"Be Kind Rewind" is nostalgic for videotapes. This should alert you immediately to an excess of whimsy, because everyone knows that videotapes sucked - they were bulky, the image was scratched and it always cut off the widescreen, rewinding took an agonizingly long time. Anyone who remembers videotapes with fondness has overdosed on nostalgia at the expense of common sense. At least be adult enough to be a true film elitist, like every film teacher who rants about how "The Big Sleep" and "El Cid" are only good on the big screen, in 35 mm, which makes tobacco smoke glow like liquid diamond and shows you what the world would like if God had the forethought to create it in Technicolor. Fuck videotapes. If you like them more than DVDs, you're a character in a movie that wishes it was directed by Wes Anderson.
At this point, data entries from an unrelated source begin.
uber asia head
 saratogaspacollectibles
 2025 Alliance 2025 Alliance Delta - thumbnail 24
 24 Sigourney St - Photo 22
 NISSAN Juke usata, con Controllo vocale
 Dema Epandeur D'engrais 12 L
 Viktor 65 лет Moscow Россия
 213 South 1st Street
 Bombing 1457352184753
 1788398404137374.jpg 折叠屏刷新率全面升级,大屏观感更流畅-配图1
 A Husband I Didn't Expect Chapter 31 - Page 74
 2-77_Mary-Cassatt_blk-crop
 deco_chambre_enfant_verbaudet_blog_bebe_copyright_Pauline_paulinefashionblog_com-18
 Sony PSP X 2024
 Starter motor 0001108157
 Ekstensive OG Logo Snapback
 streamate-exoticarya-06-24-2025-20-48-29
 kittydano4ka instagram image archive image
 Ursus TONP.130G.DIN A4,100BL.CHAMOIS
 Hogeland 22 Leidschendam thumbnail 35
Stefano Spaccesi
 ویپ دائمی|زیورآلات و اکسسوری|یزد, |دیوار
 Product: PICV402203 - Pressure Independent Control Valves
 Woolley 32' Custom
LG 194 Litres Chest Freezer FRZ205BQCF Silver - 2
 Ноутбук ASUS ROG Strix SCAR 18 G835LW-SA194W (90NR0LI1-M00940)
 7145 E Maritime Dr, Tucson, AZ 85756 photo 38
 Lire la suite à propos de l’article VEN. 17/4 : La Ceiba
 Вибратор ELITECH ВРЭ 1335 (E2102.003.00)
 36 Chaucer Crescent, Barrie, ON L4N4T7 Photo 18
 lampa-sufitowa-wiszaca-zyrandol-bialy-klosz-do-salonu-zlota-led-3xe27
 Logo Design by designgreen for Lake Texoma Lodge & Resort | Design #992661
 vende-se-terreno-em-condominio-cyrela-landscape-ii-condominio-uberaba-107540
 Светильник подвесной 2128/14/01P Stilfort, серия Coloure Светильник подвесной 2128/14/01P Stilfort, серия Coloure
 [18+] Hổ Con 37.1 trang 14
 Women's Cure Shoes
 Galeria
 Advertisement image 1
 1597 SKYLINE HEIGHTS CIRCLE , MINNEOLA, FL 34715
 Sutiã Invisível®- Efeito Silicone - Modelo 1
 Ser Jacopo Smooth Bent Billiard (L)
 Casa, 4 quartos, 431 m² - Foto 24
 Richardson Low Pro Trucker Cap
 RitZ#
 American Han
So "Be Kind Rewind" is guilty of whimsy, which is for indie films what superpower explosion sequels are for Hollywood. Whimsy all but ruined Michel Gondry's last movie, "The Science of Sleep," which had all the visual invention of "Eternal Sunshine of the Spotless Mind" with none of the narrative strength, the deeply felt emotion, the toughness. Like Gael Garcia Bernal in "Sleep," the two protagonists in "Rewind" are wannabe artists in love with amateur special effects - Gondry's stock-in-trade. The plot - video store employees have to refilm their whole library after a freak magnetic radiation accident leaves them blank - is little more than a flimsy excuse for Gondry to remake "2001," "Rush Hour 2," "Driving Miss Daisy," "Ghostbusters," and more, on a shoestring budget. Flimsy whimsy - kill me now. It's incredibly precious and often cloying, especially when everyone in town wants to join in - there's a sense of Capra-esque ultra-populism to how everyone, from the cute girl who works at the laundry to the car mechanic, wants nothing more than to play dress-up and act.
Still, if it's all entirely too cute, it's also rarely boring. Jack Black and Mos Def play the filmmaking buddies and they make a sweet man-couple - Black, who everyone but me hates now, plays his trademark angry grin to great effect, and Mos Def has such a nice little romantic scene with the laundry girl - played by Melonie Diaz, far and away the best thing about this movie - that I wished Gondry followed up on that plot. Or, indeed, followed up on any plot. Toward the end, the movie turns listless and becomes an almost unbearable "We're gonna save the video store from the stupid construction company that wants to turn it into a condo" movie. The end plays like "Cinema Paradiso" for the video store. Blah, blah, blah. You could do worse for a comedy at this time of year than a spoof-remake-mash-up by a genuinely talented filmmaker. (Hey, when's the last time you saw a movie that starts with a mockumentary about Fats Waller?)